| ACTIVITY |
Could you print exactly the lines from the one that contains "this 1568×742 image." to the end of the data, both ends included, and nothing else? Skip the pictures.

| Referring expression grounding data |
- - -
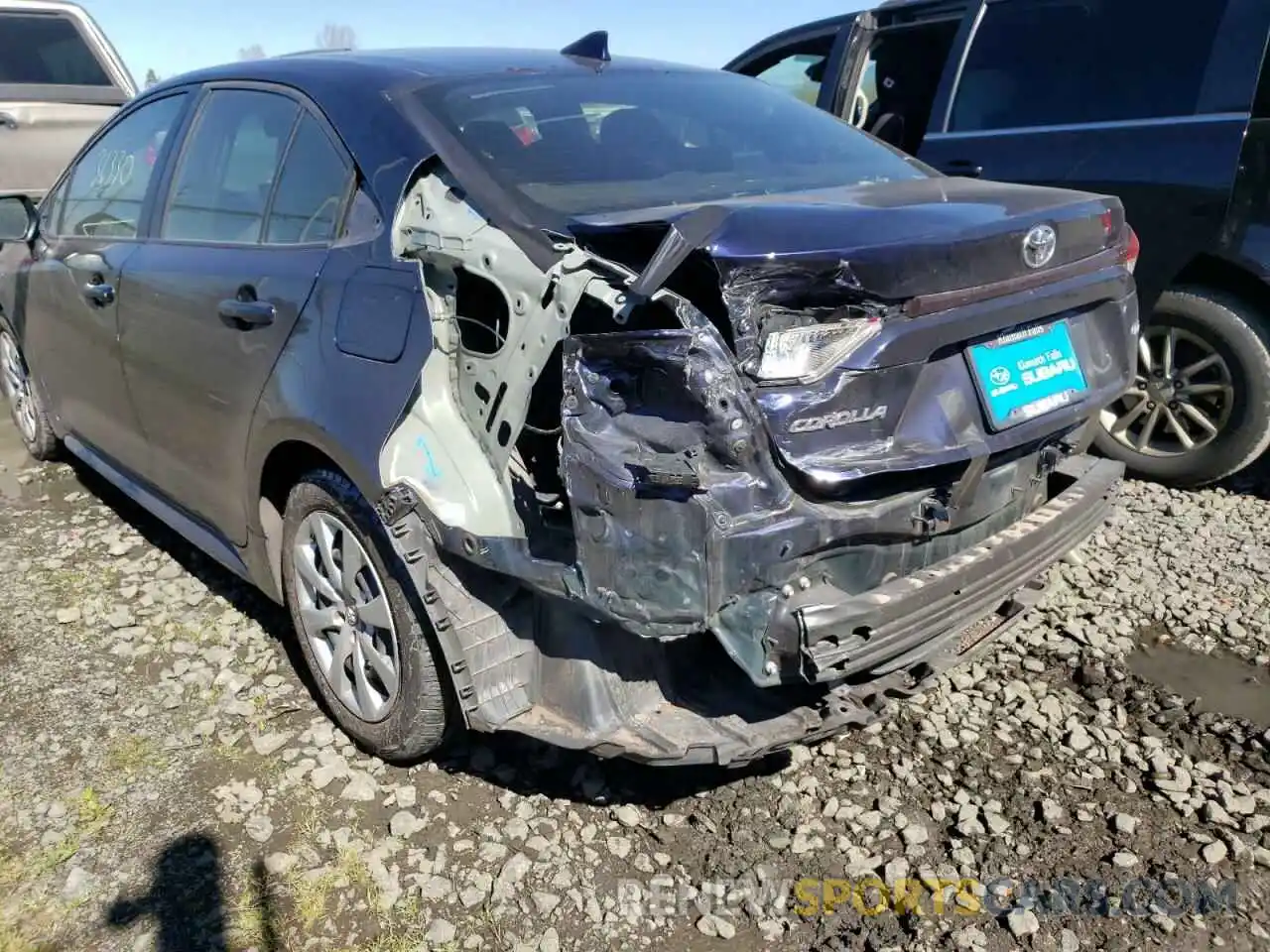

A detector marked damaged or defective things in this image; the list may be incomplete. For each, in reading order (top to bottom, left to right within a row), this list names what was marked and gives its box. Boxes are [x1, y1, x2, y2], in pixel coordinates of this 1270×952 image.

damaged gray sedan [0, 35, 1143, 767]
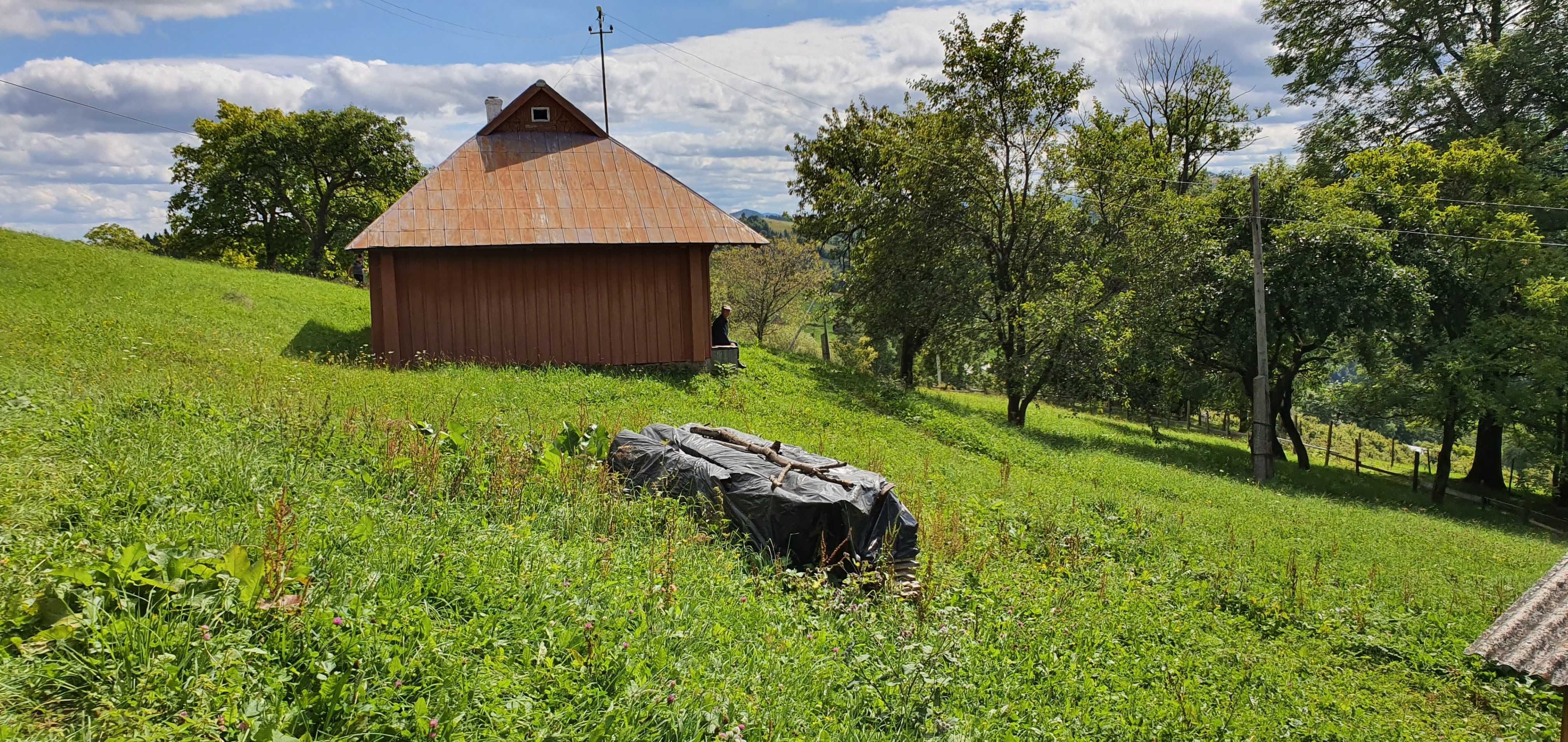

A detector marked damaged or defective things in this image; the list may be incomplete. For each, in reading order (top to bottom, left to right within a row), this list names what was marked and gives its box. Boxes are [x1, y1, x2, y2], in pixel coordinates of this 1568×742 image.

rusty metal roof [354, 80, 771, 249]
rusty metal roof [1461, 546, 1568, 681]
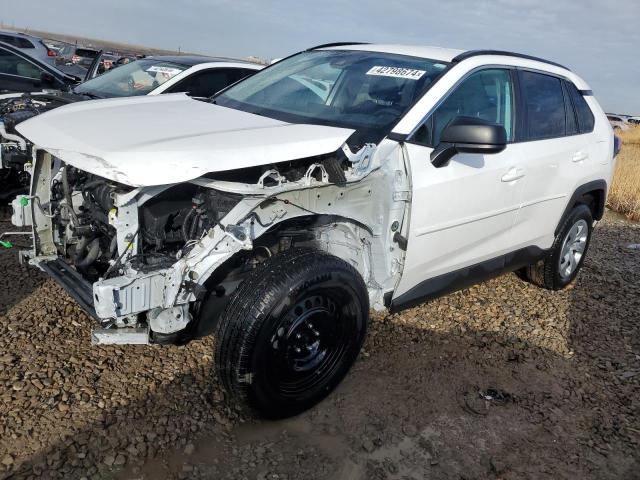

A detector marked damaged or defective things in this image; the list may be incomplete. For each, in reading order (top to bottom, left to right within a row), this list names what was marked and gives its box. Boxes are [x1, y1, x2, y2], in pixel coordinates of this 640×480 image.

damaged front end [13, 139, 410, 344]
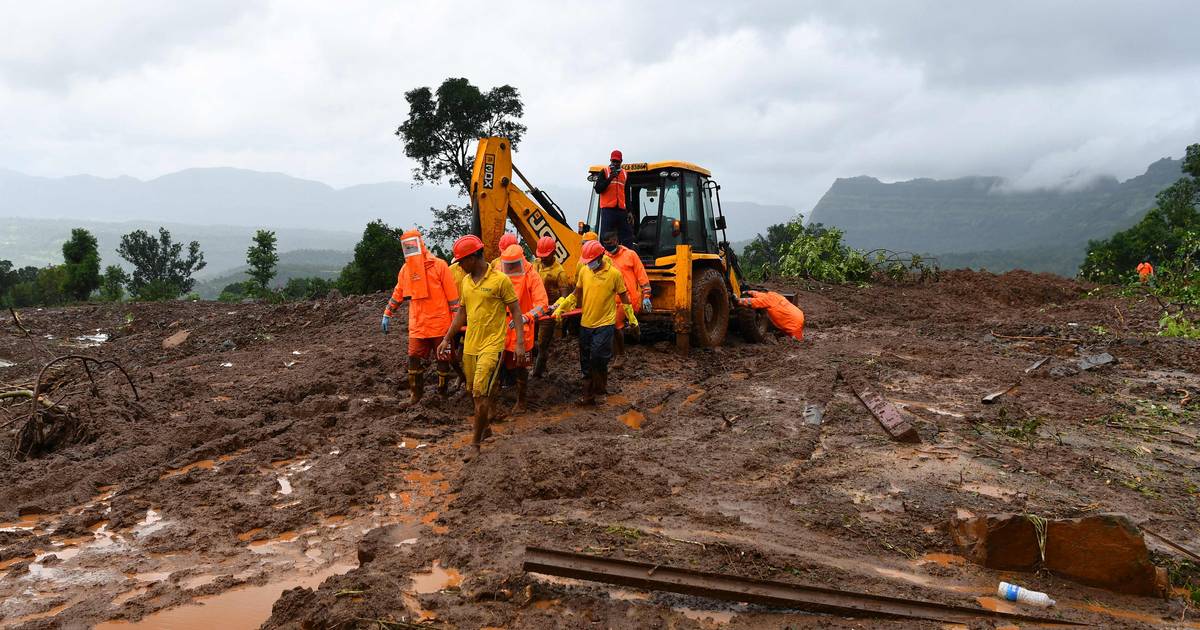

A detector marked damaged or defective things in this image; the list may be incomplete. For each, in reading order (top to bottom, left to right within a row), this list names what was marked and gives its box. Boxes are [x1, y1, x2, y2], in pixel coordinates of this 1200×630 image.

broken wood plank [844, 372, 920, 446]
broken wood plank [524, 548, 1080, 628]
- - -
| RESULT BELOW |
A detector marked damaged or defective things in this image; the list may be incomplete. For each, in reading order (top to bottom, left to right within a row), this list names what was marked and gives its box. Boxes are [x1, y1, x2, y2], in pixel coordinates of this 1568×742 image.

rusty metal roof [354, 80, 771, 249]
rusty metal roof [1461, 546, 1568, 681]

A detector marked damaged or defective things in this image; the list may be incomplete. For each, in reading order (top to bottom, left to right within a row), this list names what was marked and gives its box. Boxes are [x1, y1, x2, y2], in pixel coordinates of this 640×480 image.

damaged front end [13, 139, 410, 344]

A detector marked damaged or defective things in this image; the list may be incomplete. For each, in reading order (top to bottom, left to right within a row), this list names what was marked and gives its box. Boxes are [x1, y1, x2, y2], in pixel coordinates of this 1200×630 image.

broken wood plank [844, 372, 920, 446]
broken wood plank [524, 548, 1080, 628]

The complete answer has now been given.